I think with Rys working where he does, he'd have notified B3D-Suite users if those tests were blatantly misleading wrt any architecture in general and GCN specifically.

That out of the way, the increase from random to black is not the all-telling value. For Radeon VII with it's massive raw bandwith, there's virtually no increase throughput compared to using the texture caches over multiple runs. Whereas the V64 LCE, which can clock almost as high over short term loads but has less than half the bandwidth available, can achieve a factor of 1.4 for 1 texture layer and 1.3 for 2.

For Geforce-cards, the lowly 1030 (G5 version) can achieve the highest jumps from random to all black with about 3.8, where a 2060 FE hovers at 2.1 (max). With higher number of texture layers (up to 32), the increase goes massively down for the 1030, notably down for Turing in general and only very little for bigger Pascal chips (GP104, GP102). And no, I don't have a link handy, since I did not publish those results anywhere yet.
 
Yes, the primitive stream is broadcast to all front ends, and the same occupancy and throughput loss would be incurred across all shader engines. It's proportionally less of an impact in a GPU with 16 CUs per shader engine versus that ASCII diagram that has less than a third of the compute resources available.
Also unclear would be how salvage SKUs would be handled. A balanced salvage scheme would be cutting off resources in 20% increments.
Typically the reduction in ALU throughput is more severe than in other aspects (fillrate, bandwidth) for the salvage GPU...

Does it need to be "balanced"...

As far as attributing blame to the API, what specifically is inherent to the API that requires this? If there are many physical locations that may be responsible for handling all or part of a primitive, the question as to which ones are relevant needs to be answered by something, and then somehow the whole system needs to be updated with the answer.
Agreed.

Now imagine how a software renderer would do this. e.g. threads spawned across arbitrary processors to match workload. With data locality being a parameter of the spawn algorithm. And cost functions tuned to the algorithms.

The problem with hardware is partly that the data pathways have to be defined in advance for all use cases and have to be sized for a specified peak workload. So the data structures are fixed, the buffer sizes are fixed and the ratios of maximum throughput are fixed.

This would be similar to how unified shader architectures took over. To do that, substantial transistor budget was spent, but the rewards in performance were unignorable. Despite the fact that the hardware was no longer optimised specifically for the API of that time. Remember, for example, how vertex ALUs and pixel ALUs were different in their capability (ISA) before unified GPUs took over? (Though the API itself was changing to harmonise VS and PS instructions.)

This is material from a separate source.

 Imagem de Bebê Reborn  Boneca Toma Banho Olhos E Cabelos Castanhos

In the end, primitive culling has been identified as a serious bottlneck in historical AMD GPUs. Loosening that bottleneck costs in complexity and potentially requires that the "smallest" GPUs (say $75) are comparatively "over-sized" compared with their predecessors. But that's been the story of the GPU for a long time. It's a bit like the smallest GPUs being able to do 8x MSAA, when they would crumble if actually ran that way.
 
There are some indications of better, though not complete, interlocks in the pipeline--although I recall discussing in past architecture threads how I thought a good improvement to GCN proper would be to have those interlocks.
Some things, like how differently the SIMD path is handled, and why certain instructions related to branching, memory counts, or skipping instructions changed/dropped could be other areas of notable change.
Wild arsed guess: AMD will re-introduce odd and even hardware threads...

I also don't see why a number of the Navi changes wouldn't be desired for the compute line.
Agreed.
 
Is anyone trying to measure that Navi's size?
Seems to be a direct replacement for Polaris 10, something between 200mm^2 and 250mm^2.

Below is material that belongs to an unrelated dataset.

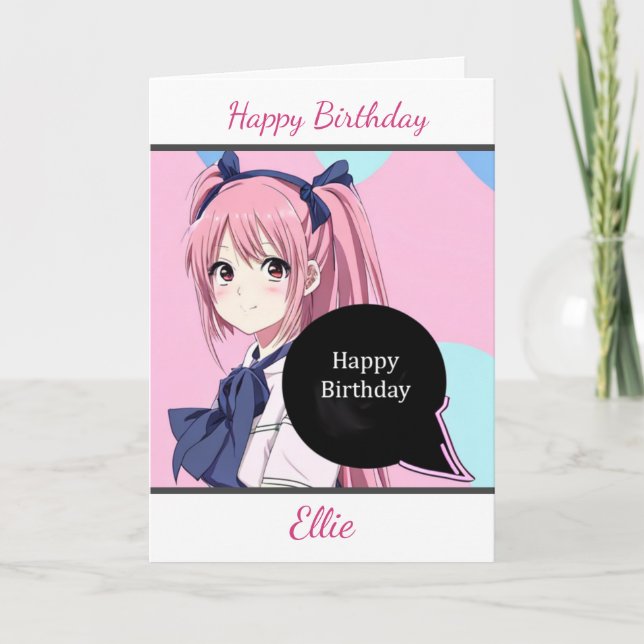 Cute Anime Girl Personalised Birthday Card (Front)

I didn't see which GCN product this was compared to.
Couldn’t find it either. One would hope Radeon VII, or the efficiency numbers will be dominated by lithography and not architecture.

I'm actually betting on Vega 14nm parts as comparison.

If they were comparing to Radeon VII, then the +50% efficiency comparison would be much closer to the +25% IPC.

My guess is the architectural improvements are coming at very low power cost, so they're getting:
- x1.25 more performance out of new cache hierarchy and CU adjustments
- x1.2 higher clocks out of 14nm -> 7nm transition (which is the clock difference between a 1.45GHz Vega 64 and a 1.75GHz Radeon VII)

1.25 x 1.2 = 1.5, hence the 50% higher efficiency, or higher performance at ISO power.

There's also an update at Anandtech quoting Lisa Su who said the new efficiency comes partly from new process technologies.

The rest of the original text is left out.